For specific treatment-related adverse events, I want to highlight also the ones we've seen over the last year or so using this combination therapy: peripheral sensory neuropathy and maculopapular rash, both higher in the EV plus pembrolizumab arms. We see any-grade peripheral sensory neuropathy, 51.8% compared to 9.9% in chemotherapy. Maculopapular rash, 32.7% versus 3.2%, and slightly higher grade 3 plus adverse events for EV plus pembrolizumab compared to chemotherapy. When we look at the bottom here, these are the ones that are typically associated with chemotherapy: anemia, neutropenia, thrombocytopenia, decreased neutrophil and platelet count. These were higher for any grade and grade 3 plus adverse events for chemotherapy compared to EV plus pembrolizumab.

By way of discussion, after median follow-up of almost 2.5 years, first-line EV plus pembrolizumab continues to demonstrate superior efficacy over chemotherapy alone. This holds true, which is really important, as we've emphasized several times in this discussion, for both cisplatin-eligible and cisplatin-ineligible patients, nearly doubling the median progression-free survival and more than doubling the median overall survival.

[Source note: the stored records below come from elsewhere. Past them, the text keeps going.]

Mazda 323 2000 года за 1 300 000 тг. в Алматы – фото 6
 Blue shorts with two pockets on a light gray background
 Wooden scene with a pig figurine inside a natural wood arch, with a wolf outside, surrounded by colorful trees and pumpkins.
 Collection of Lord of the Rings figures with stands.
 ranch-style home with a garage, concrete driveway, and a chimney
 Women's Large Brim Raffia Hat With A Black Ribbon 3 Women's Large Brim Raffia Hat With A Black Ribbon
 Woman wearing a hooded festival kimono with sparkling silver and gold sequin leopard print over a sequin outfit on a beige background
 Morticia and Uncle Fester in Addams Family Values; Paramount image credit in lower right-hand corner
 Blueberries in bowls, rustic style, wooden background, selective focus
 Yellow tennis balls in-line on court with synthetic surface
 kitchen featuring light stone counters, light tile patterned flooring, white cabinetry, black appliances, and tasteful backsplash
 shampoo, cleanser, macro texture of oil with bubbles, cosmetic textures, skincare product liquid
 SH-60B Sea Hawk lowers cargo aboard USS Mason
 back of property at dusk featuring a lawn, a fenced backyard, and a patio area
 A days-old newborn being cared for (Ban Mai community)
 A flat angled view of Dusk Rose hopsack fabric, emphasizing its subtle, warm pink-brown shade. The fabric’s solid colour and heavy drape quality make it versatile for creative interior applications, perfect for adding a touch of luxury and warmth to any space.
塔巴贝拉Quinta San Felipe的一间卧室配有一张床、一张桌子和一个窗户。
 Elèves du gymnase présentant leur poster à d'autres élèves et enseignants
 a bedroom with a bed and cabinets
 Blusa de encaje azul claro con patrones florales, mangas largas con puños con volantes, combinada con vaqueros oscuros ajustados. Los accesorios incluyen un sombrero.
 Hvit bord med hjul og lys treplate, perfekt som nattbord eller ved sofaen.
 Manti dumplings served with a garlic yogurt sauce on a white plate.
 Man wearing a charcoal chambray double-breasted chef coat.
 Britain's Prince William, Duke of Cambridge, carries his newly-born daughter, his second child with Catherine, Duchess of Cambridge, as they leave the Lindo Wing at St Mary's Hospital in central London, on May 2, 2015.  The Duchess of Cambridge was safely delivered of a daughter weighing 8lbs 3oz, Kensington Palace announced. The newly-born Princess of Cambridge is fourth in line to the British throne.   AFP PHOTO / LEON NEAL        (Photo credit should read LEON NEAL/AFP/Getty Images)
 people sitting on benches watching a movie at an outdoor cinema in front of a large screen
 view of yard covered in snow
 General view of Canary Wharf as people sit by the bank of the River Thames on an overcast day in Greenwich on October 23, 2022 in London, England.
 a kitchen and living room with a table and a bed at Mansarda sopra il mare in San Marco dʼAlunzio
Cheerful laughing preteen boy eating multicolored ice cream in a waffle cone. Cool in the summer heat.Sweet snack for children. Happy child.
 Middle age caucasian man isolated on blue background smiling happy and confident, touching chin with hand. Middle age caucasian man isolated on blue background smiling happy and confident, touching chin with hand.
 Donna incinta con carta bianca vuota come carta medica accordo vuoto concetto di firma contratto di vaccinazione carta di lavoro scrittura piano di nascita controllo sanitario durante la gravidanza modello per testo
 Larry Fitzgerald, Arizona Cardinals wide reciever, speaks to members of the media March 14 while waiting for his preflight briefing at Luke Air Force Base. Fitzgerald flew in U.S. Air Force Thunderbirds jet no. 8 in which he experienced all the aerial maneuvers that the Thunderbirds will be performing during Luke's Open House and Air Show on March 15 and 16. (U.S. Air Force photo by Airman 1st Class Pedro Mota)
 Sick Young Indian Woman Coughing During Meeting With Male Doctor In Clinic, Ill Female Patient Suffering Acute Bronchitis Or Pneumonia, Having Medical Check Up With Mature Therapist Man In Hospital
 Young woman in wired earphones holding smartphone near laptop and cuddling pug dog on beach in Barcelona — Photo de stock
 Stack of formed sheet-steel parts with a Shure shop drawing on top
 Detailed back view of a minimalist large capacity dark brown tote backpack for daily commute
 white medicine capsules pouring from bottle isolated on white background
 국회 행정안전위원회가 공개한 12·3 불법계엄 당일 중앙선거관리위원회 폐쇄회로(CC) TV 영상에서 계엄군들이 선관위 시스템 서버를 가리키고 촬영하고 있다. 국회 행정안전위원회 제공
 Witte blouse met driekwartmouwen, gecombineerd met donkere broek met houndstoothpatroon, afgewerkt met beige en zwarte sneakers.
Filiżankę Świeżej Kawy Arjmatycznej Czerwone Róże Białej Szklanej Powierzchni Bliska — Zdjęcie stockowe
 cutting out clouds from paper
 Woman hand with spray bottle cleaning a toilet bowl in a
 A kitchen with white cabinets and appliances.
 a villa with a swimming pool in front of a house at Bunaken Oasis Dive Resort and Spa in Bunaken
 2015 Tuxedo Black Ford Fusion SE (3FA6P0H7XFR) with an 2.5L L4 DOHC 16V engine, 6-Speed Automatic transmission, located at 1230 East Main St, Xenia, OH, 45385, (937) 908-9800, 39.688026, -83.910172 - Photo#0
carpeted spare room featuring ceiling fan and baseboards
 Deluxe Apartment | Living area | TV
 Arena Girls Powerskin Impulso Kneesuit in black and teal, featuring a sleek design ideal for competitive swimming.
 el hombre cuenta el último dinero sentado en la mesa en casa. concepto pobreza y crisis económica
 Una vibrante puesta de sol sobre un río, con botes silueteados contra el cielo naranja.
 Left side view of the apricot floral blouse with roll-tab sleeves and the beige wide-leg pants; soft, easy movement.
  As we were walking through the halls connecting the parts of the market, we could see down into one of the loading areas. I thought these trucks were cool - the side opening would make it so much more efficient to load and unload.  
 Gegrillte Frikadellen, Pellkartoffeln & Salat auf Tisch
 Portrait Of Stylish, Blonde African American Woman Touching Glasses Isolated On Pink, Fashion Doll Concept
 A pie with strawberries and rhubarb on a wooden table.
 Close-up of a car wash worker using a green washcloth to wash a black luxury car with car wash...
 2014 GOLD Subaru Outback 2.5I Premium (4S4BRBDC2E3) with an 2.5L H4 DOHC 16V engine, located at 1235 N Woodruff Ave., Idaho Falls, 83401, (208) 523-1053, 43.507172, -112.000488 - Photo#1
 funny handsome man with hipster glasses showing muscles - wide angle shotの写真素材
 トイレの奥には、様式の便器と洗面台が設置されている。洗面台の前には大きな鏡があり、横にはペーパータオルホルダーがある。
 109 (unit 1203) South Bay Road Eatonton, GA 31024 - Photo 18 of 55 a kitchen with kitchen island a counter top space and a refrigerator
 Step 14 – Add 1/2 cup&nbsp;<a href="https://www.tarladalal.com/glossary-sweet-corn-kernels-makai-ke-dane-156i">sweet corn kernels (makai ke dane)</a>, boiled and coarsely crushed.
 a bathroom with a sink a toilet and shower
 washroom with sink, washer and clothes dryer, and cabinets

The response to EV plus pembrolizumab was durable. The median duration of response was nearly two years in patients with a confirmed response. For patients achieving a clinical complete response, there was a 74.3% probability of remaining in clinical complete response at 24 months. If you have a great response, we can tell our patients there's almost a 75% chance that at two years you're going to continue to have a complete response, which we've never seen before in locally advanced or metastatic urothelial carcinoma.

Importantly, no new safety signals for the combination after the initial year of follow-up. When we look at the rate of grade 3 plus peripheral sensory neuropathy, primary analysis was 3.6%, with additional follow-up, 4.1%. The rate of grade 1 to 2 ocular disorders with no grade 3 plus ocular disorders was essentially the same between primary analysis and additional follow-up at just over 21%.

Important take-home messages: with updated efficacy and safety data, with an additional year of follow-up, these were consistent with the primary analysis in the EV-302 trial. This represents the longest follow-up duration for EV plus pembrolizumab patients treated in this phase III setting. These results are also corroborated by five-year follow-up from cohort A of the phase Ib/II EV-103 trial, which assessed EV plus pembrolizumab in cisplatin-ineligible patients.

Taking this all together, the continued survival benefit with EV plus pembrolizumab versus chemotherapy from EV-302 reinforces EV plus pembrolizumab as standard of care for all patients in the first-line setting for metastatic urothelial carcinoma.

We thank you very much for your attention. We hope you enjoyed this UroToday Journal Club discussion of the updated analysis from the EV-302 trial.